To that end, the Central Florida Water Initiative is working up a water supply draft plan. It will be available online at http://www.cfwiwater.com/. The public is encouraged to comment on the plan.
Also, there will be a three-hour workshop on this plan on December 12 from 4 to 7 at the Clermont Community Center, and the public is welcome to attend.
Alan Oyler, an engineer with decades of experience in wastewater and reclaimed water projects, spoke next on the topic of alternate water supply resources. These could include storm water, reclaimed water, brackish groundwater, lakes, rivers and the ocean.
South Lake's water problem, he explained, is twofold. First, we're located on a sand ridge, so water drains away quickly. Second, most of the usual alternate water supply options aren't feasible for this area, or at least aren't abundant.
This means that we will probably need to pipe in water from other water projects to supply our needs in the future. This can get quite expensive depending on how far away the project is located.
Oyler then mentioned five water projects that might suit our needs. At least one of them involves brackish water that would need to be treated before it could be used. The closest alternative is the Conserve II project, only one mile from Clermont. The furthest, the Taylor Creek project, is 50 miles away.
The problem is that we're competing with all of the other communities in Central Florida for these resources.
What we need, Oyler elaborated, is a high-powered water consultant to go over our list of options, try to come up with some we haven't thought of yet, perform modeling to evaluate impacts and benefits, and come up with a list of projects and prices so that we can move forward to plan for the future. None of the local communities have budgeted for this yet, but they have agreed to pool money for it, with Clermont taking the lead.

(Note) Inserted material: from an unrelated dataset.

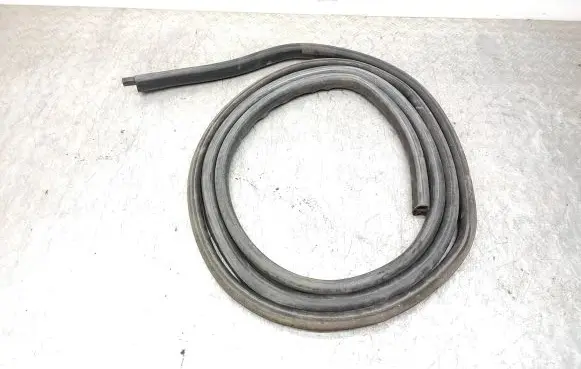 Volkswagen Multivan T5 Trunk rubber seal (body)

How long would this take? Oyler displayed a projected time line. The hope is to get signed agreements for pooling resources by May 2014, with requests for qualifications from consultants by October of the same year.
By December 2014, the selection process should be completed, with the consultant starting in January 2015. It is expected that the consultant will take six months to do the preliminary study.
Based on the plan the water consultant comes up with, the local area governments will develop cost sharing agreements and obtain funding for water projects.
These water projects will likely take three to five years to complete, from the start of the design through to finishing the actual work. Smaller projects, however, could be completed in 18 months. "This fits within the time frame we need," Oyler noted.
After the speakers finished their presentation, a number of concerned citizens came up to ask questions. Many expressed concern that they could someday be paying $11 to $12 per 1,000 gallons of water (as one of the slides in one of the presentations explained).
Others suggested that we need to have more regulation of the amount of water that can be drawn from the lakes. Still others expressed concern over certain commercial interests pumping water from the lakes or drawing from the Florida Aquifer.
In addition to the upcoming workshop on December 12, concerned citizens should consider attending an upcoming public workshop to be held by the Lake County Legislative Delegation on Thursday, January 30, 2014 at 5pm.
It covers the same issues at the county level, and it will also examine the topics raised at the Clermont meeting. This workshop will be held in the Chambers of the Lake County Board of County Commissioners, located at 315 West Main Street, second floor, in Tavares.